Your task: Without the pictures, retype each line below exactly as it stands.

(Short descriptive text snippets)
•••••

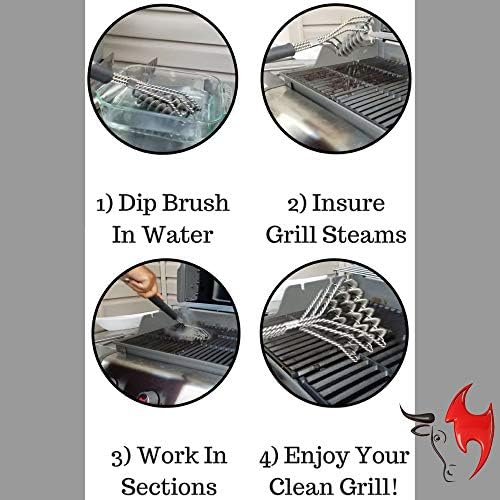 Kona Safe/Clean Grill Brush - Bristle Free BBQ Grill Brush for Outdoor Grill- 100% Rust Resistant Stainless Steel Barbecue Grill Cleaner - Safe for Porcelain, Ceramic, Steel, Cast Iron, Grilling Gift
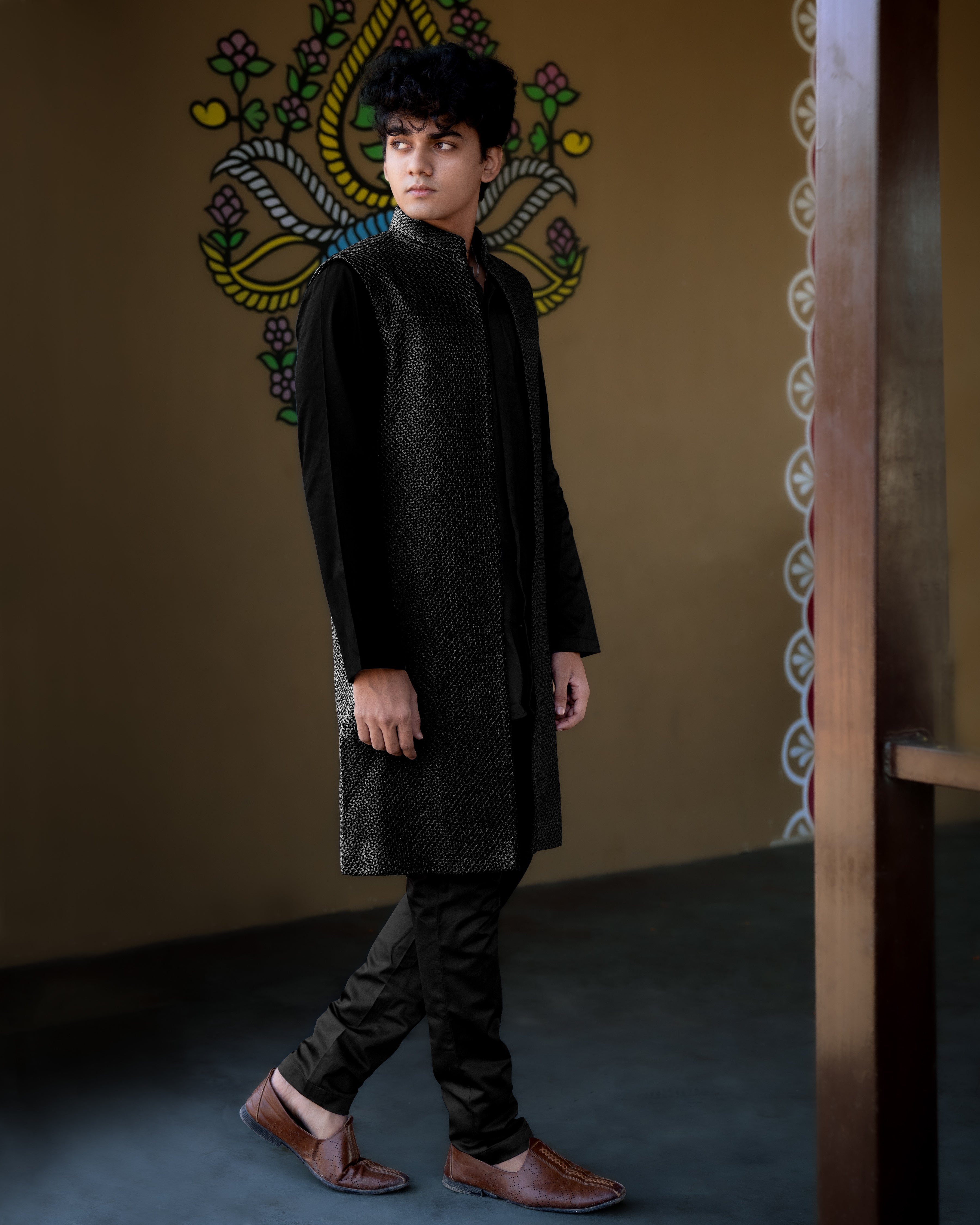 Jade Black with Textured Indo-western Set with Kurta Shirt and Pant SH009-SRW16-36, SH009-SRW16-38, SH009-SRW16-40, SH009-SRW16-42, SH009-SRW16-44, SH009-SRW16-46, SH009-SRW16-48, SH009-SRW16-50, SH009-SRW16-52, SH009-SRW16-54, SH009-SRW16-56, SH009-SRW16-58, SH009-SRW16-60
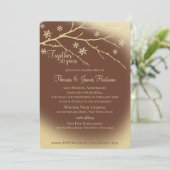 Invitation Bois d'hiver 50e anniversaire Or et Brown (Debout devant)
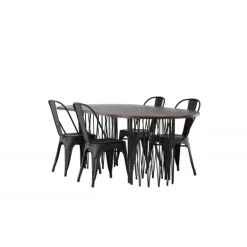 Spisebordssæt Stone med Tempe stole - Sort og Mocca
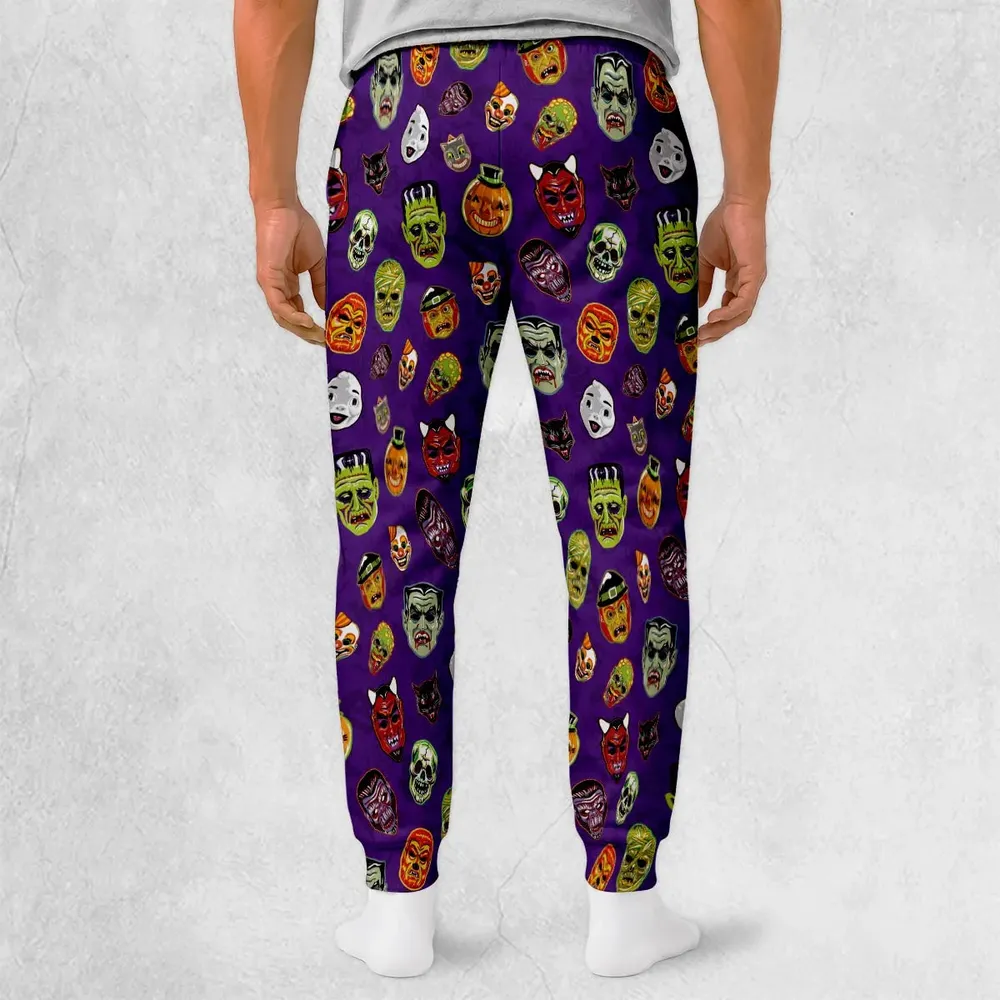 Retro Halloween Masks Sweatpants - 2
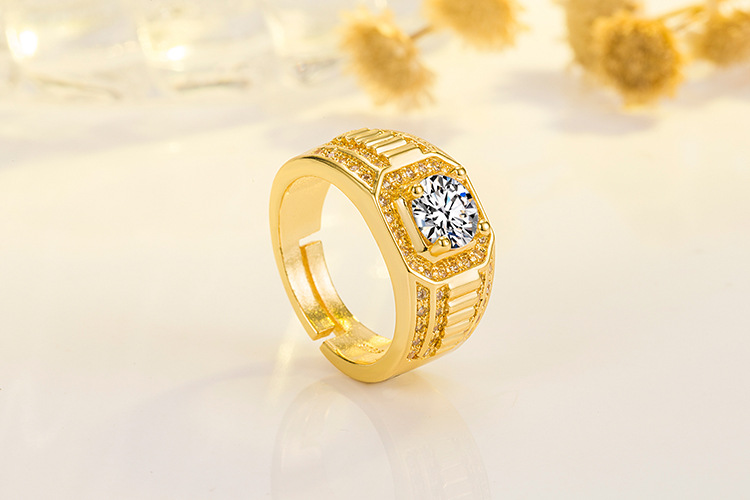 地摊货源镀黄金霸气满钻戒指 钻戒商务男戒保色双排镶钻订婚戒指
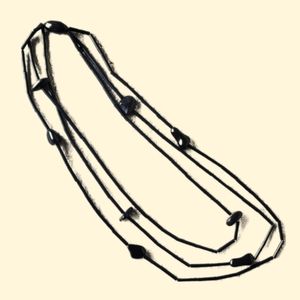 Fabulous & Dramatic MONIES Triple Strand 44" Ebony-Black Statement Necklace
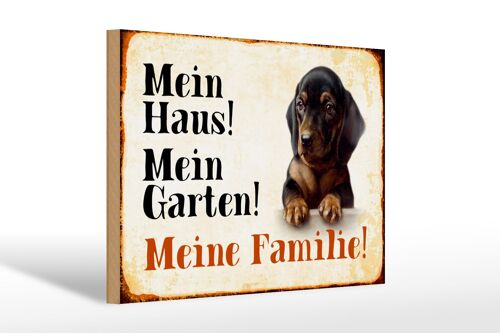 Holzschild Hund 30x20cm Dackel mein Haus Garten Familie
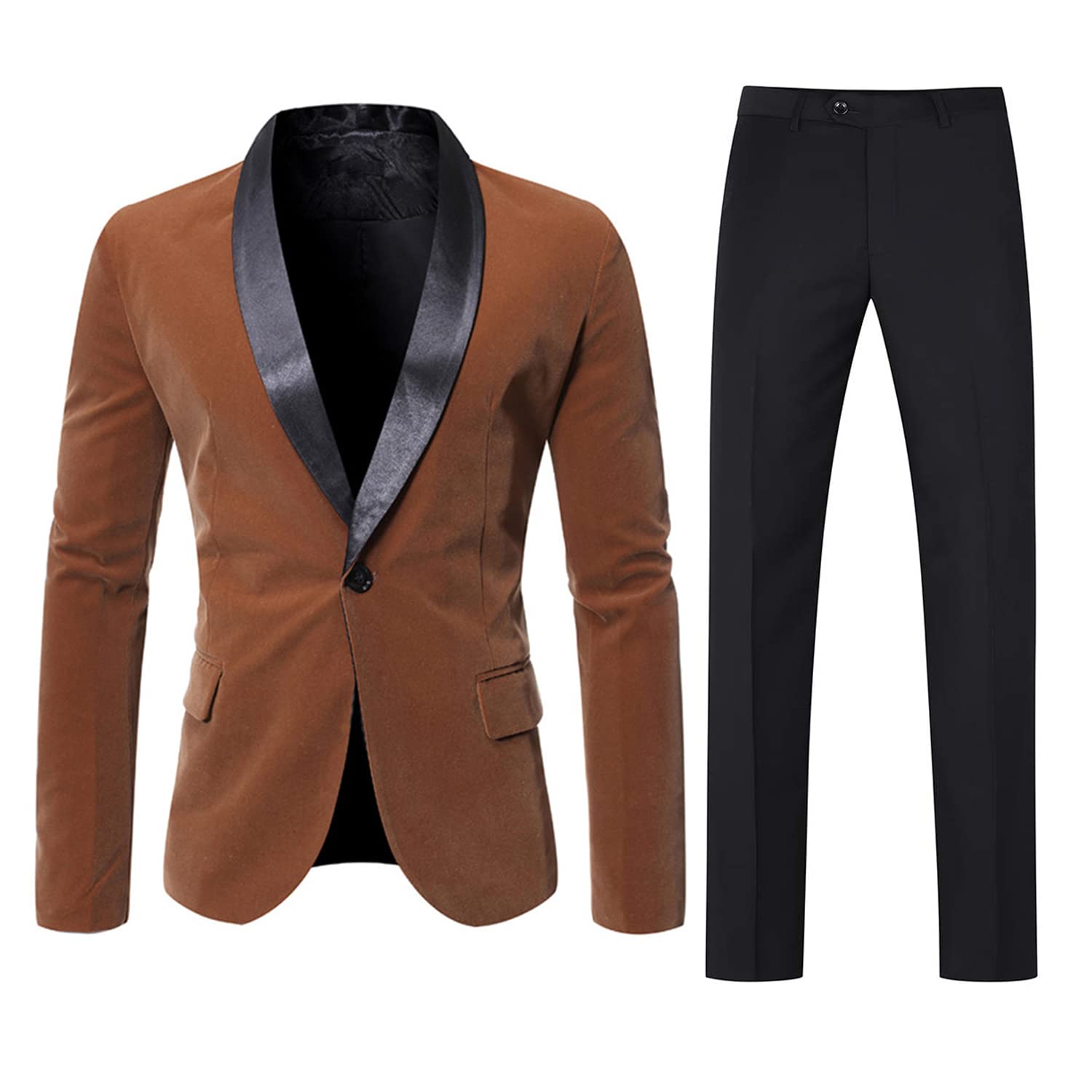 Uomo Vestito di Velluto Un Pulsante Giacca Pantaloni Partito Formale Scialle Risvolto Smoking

•••••

Task solution:
 Kona Safe/Clean Grill Brush - Bristle Free BBQ Grill Brush for Outdoor Grill- 100% Rust Resistant Stainless Steel Barbecue Grill Cleaner - Safe for Porcelain, Ceramic, Steel, Cast Iron, Grilling Gift
 Jade Black with Textured Indo-western Set with Kurta Shirt and Pant SH009-SRW16-36, SH009-SRW16-38, SH009-SRW16-40, SH009-SRW16-42, SH009-SRW16-44, SH009-SRW16-46, SH009-SRW16-48, SH009-SRW16-50, SH009-SRW16-52, SH009-SRW16-54, SH009-SRW16-56, SH009-SRW16-58, SH009-SRW16-60
 Invitation Bois d'hiver 50e anniversaire Or et Brown (Debout devant)
 Spisebordssæt Stone med Tempe stole - Sort og Mocca
 Retro Halloween Masks Sweatpants - 2
 地摊货源镀黄金霸气满钻戒指 钻戒商务男戒保色双排镶钻订婚戒指
 Fabulous & Dramatic MONIES Triple Strand 44" Ebony-Black Statement Necklace
 Holzschild Hund 30x20cm Dackel mein Haus Garten Familie
 Uomo Vestito di Velluto Un Pulsante Giacca Pantaloni Partito Formale Scialle Risvolto Smoking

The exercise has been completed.